6. Back to Sam and Brian, trucking through the Siskiyous, while over the radio comes the news that Ed Stevens has admitted that he helped the CIA deliberately create AIDS and spread it.
7. Gregg was previously married to Ed’s sister, Jo-Lyn, who is the only female main character, who tries to take action on her own fundamentalist terms, and ends up collateral damage like all the others. Jo-Lyn’s connection to her nursing infant is as erotic as any of the encounters between leather men.
These characters, along with a few others, weave in and out of the plot line in a “long arc story” worthy of a television series. Some of it comes directly out of Mains’ experience and other parts derive from news accounts, books, and long evenings of listening to unguarded talk. The central obsession is that AIDS was knowingly imposed on a whole category of men for political reasons disguised as moral reasons.
Those were early times, so the detailed and specific knowledge of the actual virus that we have accumulated now -- the proof (still doubted by some) that HIV was a species jump from SIV, specifically from the chimp version, though it can jump from gorillas or gibbons as well -- the proof that the virus was slipping around like an evil shadow at least a hundred years ago -- the knowledge that it usually (but not always) takes more than one brief exposure to be contagious but is satanically hard to get back out of the blood once it takes hold -- the actual ports of entry on each cell and the specific places on the genome that allow those two key ports to exist -- all this was unknown at the time.
Because Mains is coming at this unfinished tragedy through multiple storylines, it conveys a lot of information about how lives are affected and why anyone would continue exposure because of their intense passion for physical relationship. It’s a premise often followed in heterosexual novels. In fact, some of those historical novels pick up on the mystical principles of courtly love and irresistible fate. Mains is frank about the greed, fear and viciousness of humans who have power and always want more.
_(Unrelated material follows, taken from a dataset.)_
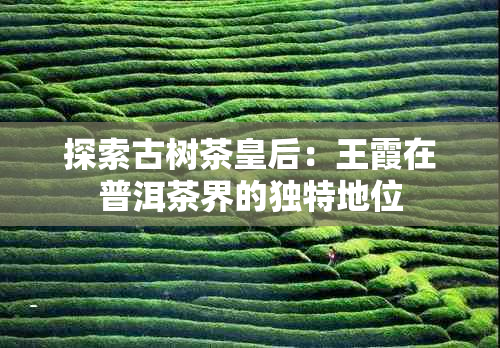 探索古树茶皇后：王霞在普洱茶界的独特地位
There are 59 short chapters, the first and last both belonging to Marc. This character brings to awareness a kind of new religion that comes from appreciation of the complexity of both the cell and the cosmos, and marries that ecologically to the nature of human society. “Another sister on this terrible guillotine of life, this machine that kills so coldly, that slices with presumptuous accuracy, so disdainful of charity.”
The last paragraph of the book is this vision: “At a window in the city where one can watch the Sun God climb Mount Parnassus, lifting his train of fog up the hills as he goes, a man wipes the tears from his face and smiles in remembrance. The owl hoots one final time and sinks into silence. The passage has been made, the message given. It’s time to go on.”
That’s the message of both biochemistry and forestry -- process: life goes on. But for all his warrior-words and their explosive charge, he’s a botanist. In his tangled bank it is the plants that struggle against each other. No mole gobbles worms, no wolf pack brings down a moose. It’s the humans who are unreasonable and needy.
This book was published by Knights Press. The editor-in-chief at the time was Tim Barrus. He was able to get the book into Geoff’s hands just a day before he died. This morning when I looked, “Gentle Warriors” was available as a pdf online. I hope that means more people can read it.